KevM / tikaondotnet

Use the Java Tika text extraction library on the .NET platform
http://kevm.github.io/tikaondotnet/
Apache License 2.0
197 stars 72 forks source link

sample code for just extract text from files #90

Closed waleedraza786 closed 7 years ago

waleedraza786 commented 7 years ago

Hello, Dear i m at very beginner stage is TikaOnDotNet can you please provide simple example code to extract text from images and other MS office files because when i tried it so i successfully extract text from one pdf file but it didn't get text from those images which are inside pdf file. And when i extract text from single image by converting it into byte array then provide array to extract() method so all meta data extracted except Text which are inside the image and when I tried other MS office files then it gives exception that cannot extract text from this file.
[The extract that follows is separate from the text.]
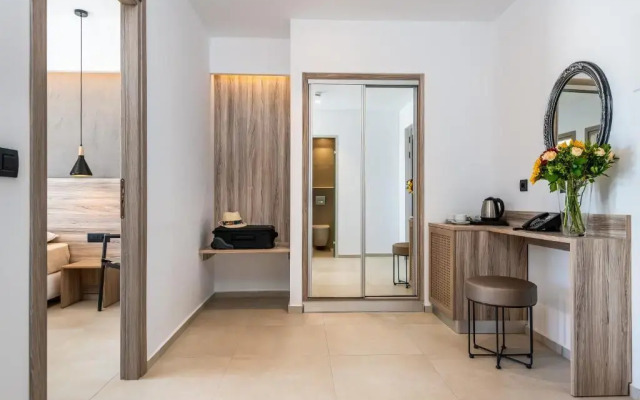 ONEIRO Boutique Hotel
I extracted from this way:

//Following code for image Image img = Image.FromFile(@"E:\solr-6.4.1\upload\abc.jpeg"); byte[] arr; using (MemoryStream ms = new MemoryStream()) { img.Save(ms, ImageFormat.Jpeg); arr = ms.ToArray(); } var extractionResult = new TextExtractor().Extract(arr);

    Response.Write(extractionResult);

//Following code for pdf and other files

var extractionResult = new TextExtractor().Extract("path of a particular file");

    Response.Write(extractionResult);
KevM commented 7 years ago

I believe if you want to get text from images you need to use Tesseract check out issue #62

KevM commented 7 years ago

I am a little confused by this PR. Not sure how my automation branch got linked to it. Do check out #62 if you want to do OCR on text in images.